On the bottom line, the TG-4 is a lot more than a camera to take to the beach and shoot thongs underwater. It’s a great addition to any outdoor photographer’s gear. With just a bit of attention one can create photos ready to be used in ad campaigns or magazine covers. Of course, it has it’s limits, the most important being the small sensor (read high noise on anything above 400 ISO) but, after all, it’s a compact camera. Don’t ask from it what a DSLR can do. But, it fits in your pocket (even a small one), it has more than decent image quality, it can withstand pretty severe shocks, it can be submerged in 15 m deep water, it has some cool accessories, it’s light, it has a fast lens and you can look a fly right in its eyes via the microscope mode.
My conclusion is short: I want a TG-4.
What I liked
- RAW power, baby!
- Fast lens at the wide end
- Live Composite mode
- Auto White Balance accuracy
- Light (less than 250 g)
- 25mm wide angle lens
- Good image quality in good lighting conditions
- Battery life
- Microscope mode
What I did’t like that much
- No manual focus
- No actual charger
- Small sensor size
- No manual mode
- Limited range of apertures
March 13, 2016
Hi there 🙂 I’ve just purchased the TG-4 camera for my hiking expeditions and wanted to ask about the way that you’ve edited your RAW photos.

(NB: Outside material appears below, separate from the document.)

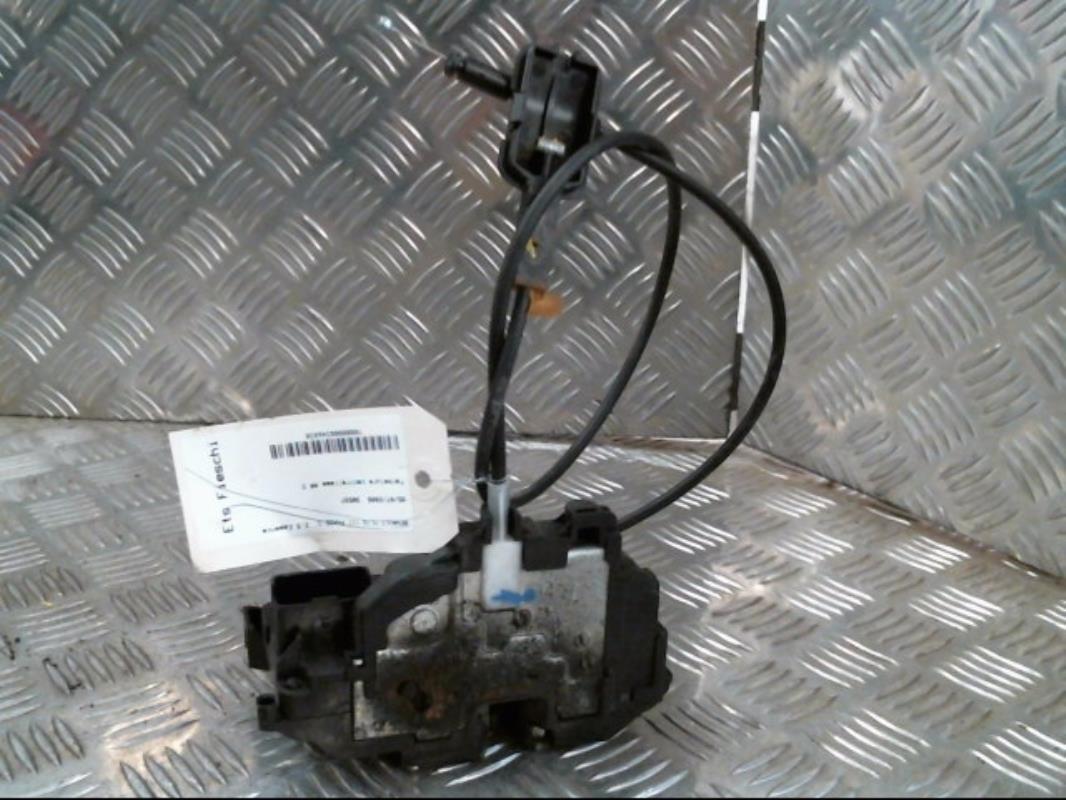 Chiusura centralizzata posteriore destra RENAULT CLIO 3 PHASE 1 Gasolina - 1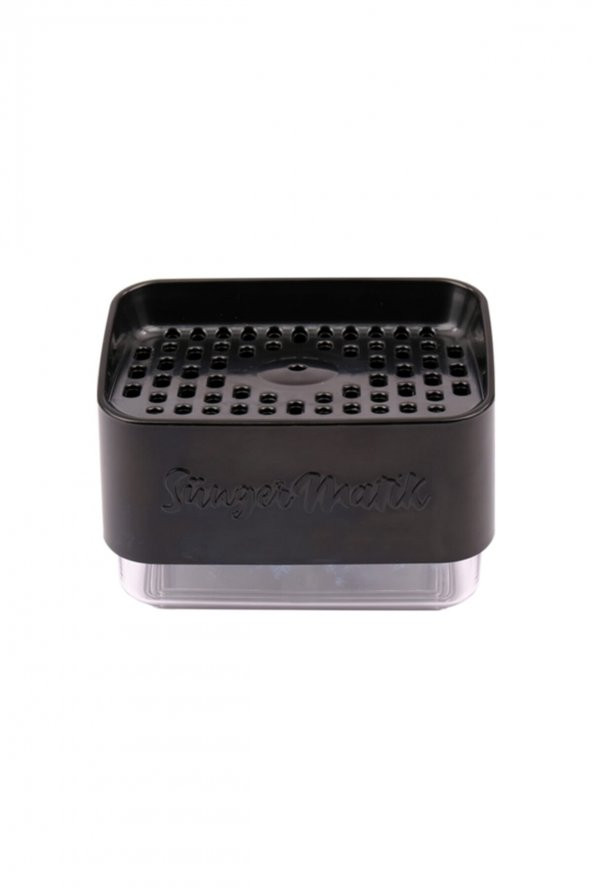 SİYAH SÜNGER MATİK - Resim 3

I’m pretty inexperienced when it comes to photography but I was wondering how you achieved the crisp detail and amazing colour palate? I Adobe Lightroom necessary in order to achieve this? Brilliant blog post by the way – your photos are fantastic!
March 18, 2016
Fran H, thank you for your comment and your nice words.
Indeed, the images were edited in Adobe Lightroom. That’s the main advantage of the TG-4: it gives you RAW power. By shooting RAW and editing the RAW file, you get far better images than when you shoot JPG. There are tons of LR tutorials out there. Take a look at them (lynda.com is a great resource or just search from some LR tutorials on YouTube) and then all you need is practice. Shoot a lot, play a lot with the sliders in LR and your images will change. Have fun with the TG-4; it’s a great camera.
November 04, 2016
Just bought TG4 , how to shoot northern light ???? thank you
November 07, 2016
The best idea for shooting the Northern Lights is to set the camera in Live Composite mode. You should get pretty nice results.
February 05, 2017
Hi Alex! Nice write-up! I have the TG3 & use it underwater, with a housing though. I love this small tough camera!
I also have an EM5ii. How to take LC of Aurora? Im going Iceland in 3 days! Read your article for shooting aurora also. Great shots there! (Y)
February 05, 2017
Thanks, Evie! You will get nice results with the EM5 Mark II. I used one for Northern Lights photography two years ago, and I was pretty happy with the results. You can use the LC as long as the Aurora is not to active. If you have lots of movement in the curtains of the Northern Lights, you will lose all the beautiful structures. So, go for LC in Aurora photography only if you have static Northern Lights. Otherwise, just use manual mode. Enjoy Iceland!
February 05, 2017
Ok Alex. Thank you for the tip. Am still trying to figure out how to expose for the first shot for LC. Never tried this before.
Ive also checked-out your posts in TWAN. Outstanding!!!!
June 11, 2017
If you shop around on the internet you can get a charger and extra batteries that allows you to charge the batteries externally. I got a charger and 3 batteries forabout $60.